In my last post I wrote about how looking at pure length of experience probably isn't the best way to pick someone for a top leadership position--like President of the United States. This comes from decades of research on the relationship between work experience and job performance (interestingly Time magazine just published an article that comes to a similar conclusion using research on expertise).
So how would we go about making the most informed decision if we treated this like a hiring decision rather than an election? We've already heard from the recruitosphere on this issue. Now it's time for an assessment perspective.
We know right off the bat we need some tests to differentiate between the best candidates. And like all hiring decisions, we'd choose tests by starting out with good job analysis data. But unfortunately we don't have any.

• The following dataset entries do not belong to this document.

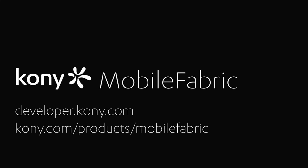For more information on Kony products, please visit developer.kony.com. Thank you.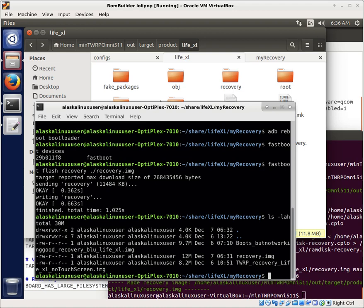So that first one we made was the boots but not working recovery. That one would boot up, but then the screen would go blank and didn't work hardly at all. We fixed the screen blanking problem with some TWRP flags. And then we ended up with the second one, where Team Win Recovery Project Recovery Lite booted, but no touch screen.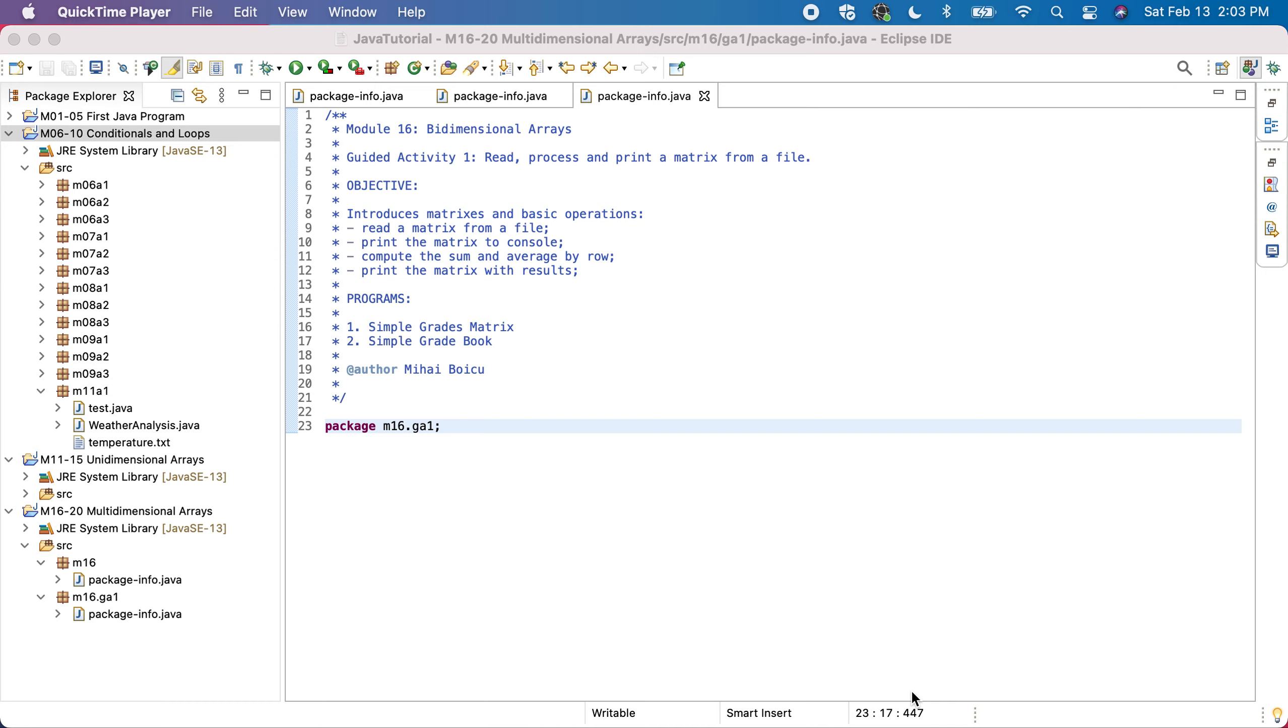In this activity we'll learn how to read a matrix from a file, how to print the matrix to the console, how to compute the sum and average by each row, and how to print the matrix again containing the results of our computations.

"Waddya mean?" you say. "There's lots of experts and articles out there that have documented what makes a good president!" Ahh, yes, but that's not how we would conduct a job analysis for hiring someone. We don't just conduct a literature review, we follow the requirements of the Uniform Guidelines by, among other things, creating detailed statements describing the work to be performed and the knowledge, skills, abilities, and other characteristics (KSAOs) necessary to do it. We also have subject matter experts rate these statements on things like critical, frequency, and necessity at entry to the job.
Can you imagine getting the current incumbent in the same room with previous presidents and conducting a job analysis session?! Count me in on that meeting!
But since that's not going to happen, how can we use assessment research to inform the job of hiring a president? What do years of research tell us about hiring someone who is likely to succeed at this type of job?
Here are the tests I would consider:
- Cognitive ability test. For a complex job like president, high cognitive ability is an absolute must, and research shows ability is the #1 predictor for complex jobs. Unfortunately, we (usually) have a field of very smart applicants, so giving them an ability test might not narrow the field.
- A work sample/performance test. Each candidate is given a live scenario that's pretty close to what they'd face as president. A discussion with a world leader, acting quickly in an emergency, a press conference, or serving as mediator between two disagreeing parties. Sit back and rate the performance using pre-established rating scales.
- A structured interview. This is no softball interview with questions about favorite memories. Each candidate gets the same challenging job-related questions and we have a pre-determined rating scale with benchmarks for judging good answers.
- A job knowledge test. A comprehensive written test covering all of the topics that a president would be expected to know. If you think about it, it's rather scary to think that we hire a president without gauging their full knowledge.
- What about a personality test? This is probably the trickiest (but potentially most interesting) of all the tests. If the job analysis showed that a certain trait, measurable by a reputable instrument, related to success (and some attempts at this have been made at this) we could go forward. Research has indicated that particularly when informed by job analysis, personality tests can have useful levels of performance prediction.
- The best: All of these! Imagine an assessment center-like format where the candidates go through a day-long battery of all these tests. Police officer candidates often have to do it--why not arguably the most powerful position in the world?
What don't you see here? "Debates" that consist mostly of canned phrases, speeches to supporters, and policies that may or may not have been written by the candidate. In other words, most of what we have now. This is similar to hiring someone based purely on a resume they created.
Imagine having all the data that these tests would provide. Talk about an informed hire!